Change can be easeful
A mindset that says, “change can be easeful,” will direct us to take actions that are empowered and evolutionary, yet gentle and nurturing.
You’re probably already aware of the mindset that would support easeful change:
Is your glass half empty or half full?
If you operate from a “glass half full” mindset, you already know how it feels to orient toward empowered ease. You know how the power of being the victor rather than the victim. You understand how to be an active rather than passive participant in your life. You take an evolutionary approach to life instead of a reactionary approach.
If this is not your current default mindset, cultivating more easeful and empowered beliefs and attitudes will bring you to a more grounded place from which to expand and grow. Body Thrivers know this as Habit 10: Easeful Living.
“Easeful living is a grounded connection to your natural state, your divine inheritance as a human, the basic teachings of heaven and earth.” – Cate Stillman, Body Thrive
If easeful living and graceful change feels illusive, you are living in disconnect from expansive consciousness. You feel separate from the whole of creation. You feel a strong and uncomfortable tension between where you are today and the potential you know is inside you.
The antidote for disconnection is grounding
Grounding means getting back in touch with the “ground of being.” Some may experience this concept of “being grounded” as a clear and clean connection to a higher power, consciousness, God, or Mother Earth. There are many ways to reconnect yourself to the ground of being. From a place of groundedness, you have the capacity to approach your life – and any changes you want to make – with an expansive, easeful, blissful mindset.
Here are a few practices that you might use to for grounding:
- Get lots of deep, rejuvenating rest. Go to bed by 10pm. Allow your body time to rest and repair itself with deep, restorative sleep. If you have trouble winding down at night, create a simple and calming bedtime ritual. This may include: a foot massage with essential oils; light stretching or gentle yoga; sitting in silence for 5 minutes (or longer); or making a gratitude list or other journaling exercise. If a bedtime ritual is new to you, pick just one element to practice and take a Kaizen approach to make it a habit.

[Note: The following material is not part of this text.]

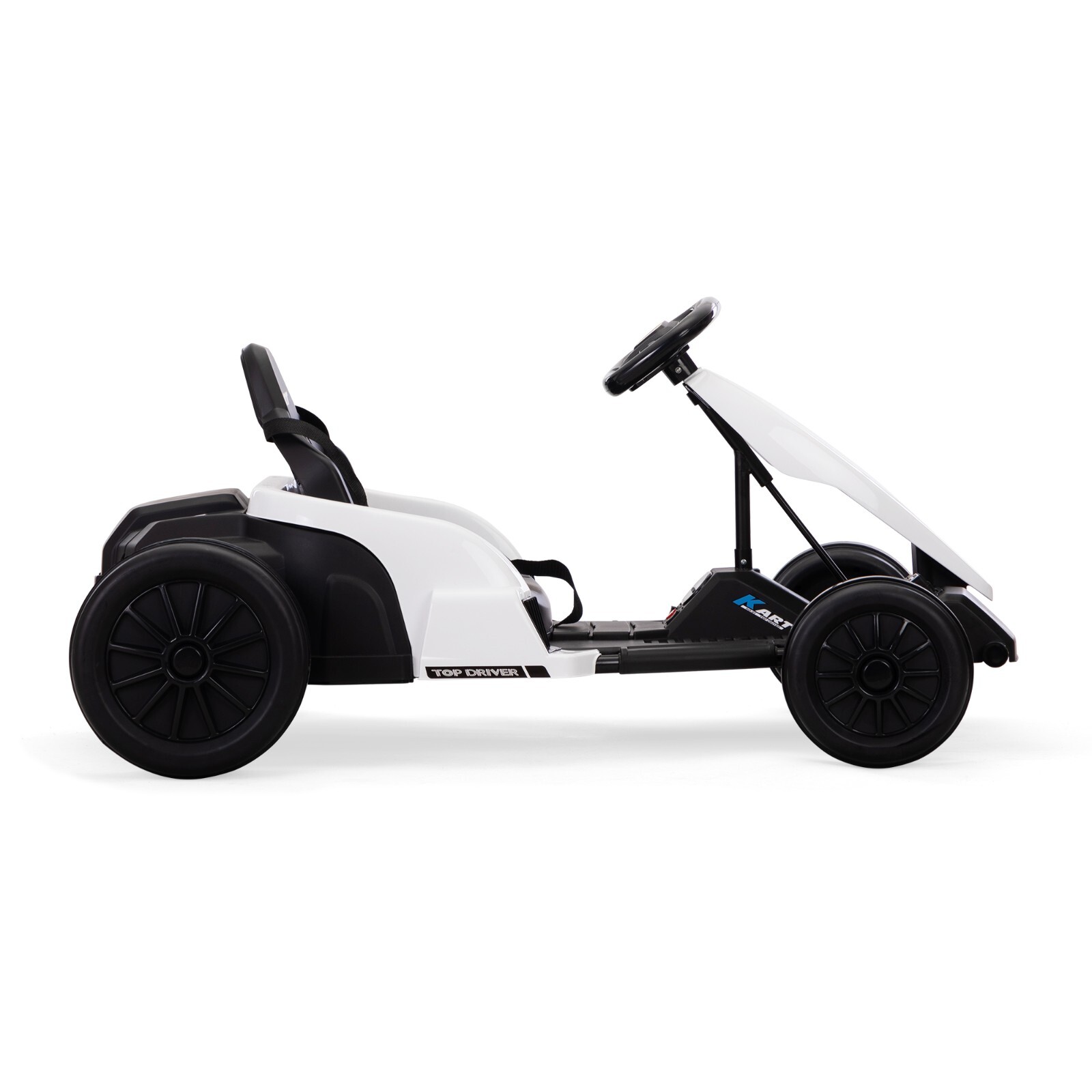 TOBBI 24V Kids Ride On Electric Drifting Go Kart Racing Car for Kids 4-16 Years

- Practice self-massage. Abhyanga is the ancient practice of self-massage with oil, used to awaken the divine within. A regular practice of self-massage facilitates the flow of energy in your body, wakes up your whole being on a cellular level, and builds up your confidence and self esteem. This is an amazingly effective practice for connecting to your essential wholeness – the ground of your being.
Grounded, graceful, gentle change is possible when you set your intentions with kindness and compassion.
There is no finish line
Our lives are busy, complex, and ever-changing. This is just one more reason that taking an easeful approach to change will serve you well. The habits and routines that support the vision of the person you want to become cannot be set it stone. Because you have (or are cultivating) an evolutionary mindset, you will always be “Kaizen-ing” your habits to move toward your next evolutionary step. There is no finish line and no “correct” way to do this.
As you work on habit changes, cultivate compassion for yourself. You don’t need to get it right and it won’t help to beat up on yourself if it takes a long time to establish a new habit.
Know that your lifestyle changes are an act of love for yourself and those around you.
What will be your next small, gentle step toward the next version of you?